The businessperson trying to leverage a web presence and take advantage of search traffic to build business looks at a keyword list in a much more pragmatic way. A popular keyword list is not much different from an inventory list. The current volume of a widget is usually an indicator of that widget’s volume of sales. People like it. No need to get all philosophical about it. It just means you need more of that one.

Communication/marketing/creative guys like me tend to look at keyword lists to extract what those words—what people are searching for—can tell us about humans as a collective. This is often as disappointing as it is enlightening. But it is also useful when directing a brainstorming session about the next big thing. Whatever that next big thing is, it will fill very basic (and very old) human needs in a neat new way.
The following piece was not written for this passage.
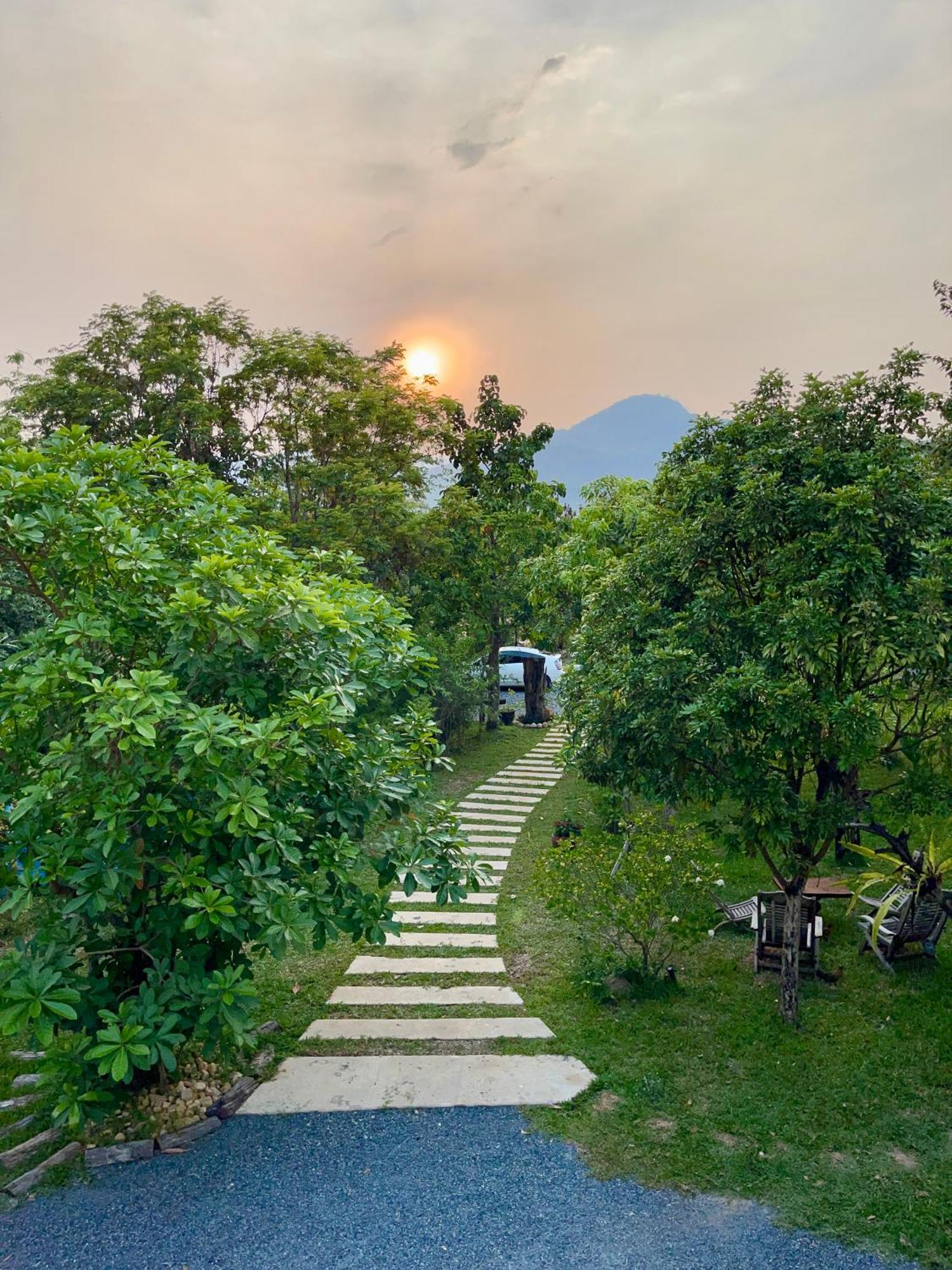 Villa Romduol Kampot Exterior foto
To make it easier, I just looked at the top 30, not the top 300:

1 5048 google
2 3714 yahoo
3 3278 myspace
4 3266 youtube
5 3034 movie trailers
6 2976 craigslist
7 2902 ebay
8 2454 frosslova nahá
9 2260 red tube
10 2208 yahoo.com
11 1938 tube8
12 1821 hotmail
13 1668 mapquest
14 1572 you tube
15 1433 gmail
16 1430 yahoo mail
17 1421 redtube.com
18 1372 myspace.com
19 1357 youporn.com
20 1354 cancer
21 1332 scorpio
22 1322 hotmail.com
23 1304 virgo
24 1285 taurus
25 1259 msn
26 1241 craigs list
27 1239 leo
28 1233 aquarius
29 1211 aries
30 1197 pisces

The four-digit number is the number of times that query was entered in the past 48 hours. In other words, they searched for Google over 5000 times, 72 percent of them probably with Google. In fairness, they may have been looking for information about Google, not to find the search engine itself. Then again, people are 98 percent chimp. But there’s any number of reasons to search for Google, one supposes.

The abundance of .com searches also suggests people either still aren’t as technically savvy as we might expect them to be or, and I think this is closer to it, people would rather enter a URL into the search bar knowing the search engine will correct them if they mistype, rather than risk the frustration of a 404 or the wrong website.

What does that tell you about the average user? It says the browser navigation bar isn’t really serving the purpose of the end user. It says Google has it right in Chrome by making the navigation bar double as a search bar.

The list also shows there’s not a lot of variance in desire among the masses. They generally seem to want and need the same things, which is how something that fulfills an important need reaches critical mass. It’s not so much about radical creativity and variety—when it comes to creating the next Google or Facebook or YouTube—it’s about fulfilling an important need exceedingly well. As for taste, we already know there’s no accounting for it.

I did a quick (human) textual analysis of the top 30 times using a simple synonym/word association substitution method. This method isn’t rigorously scientific, just a quick and dirty way to get the bottom of what people may want. I started by changing the layout of the keywords:

Google yahoo myspace youtube movie trailers craigslist ebay forsslova naha red tube yahoo.com tube8 hotmail mapquest you tube gmail yahoo mail redtube.com myspace.com youporn.com cancer scorpio hotmail.com virgo Taurus msn craigs list leo aquarius aries pisces

Then I substituted general words describing what those things are:

Search engine search engine social network video movies classifieds auctions naked Czech girl celebrity porn site search engine porn site email map service video email search engine porn site social network porn site zodiac zodiac email zodiac zodiac search engine classifeds zodiac zodiac zodiac zodiac

After that, I made them more general by reducing them down to basics:

Hunting gathering socializing watching buying selling sex hunting sex coveting communication hunting watching hunting buying selling superstition superstition superstition

And finally, I reduced those to needs:

Physical need, information need, socialization need, entertainment need, economic need, sex need, communication need, spiritual need

Like I said, this is just a rough sketch, but if you’re busy brainstorming about what the next type of web presence is to capture the collective imagination, it can’t hurt to consider the idea that whatever you come up with, it should fill some burning need.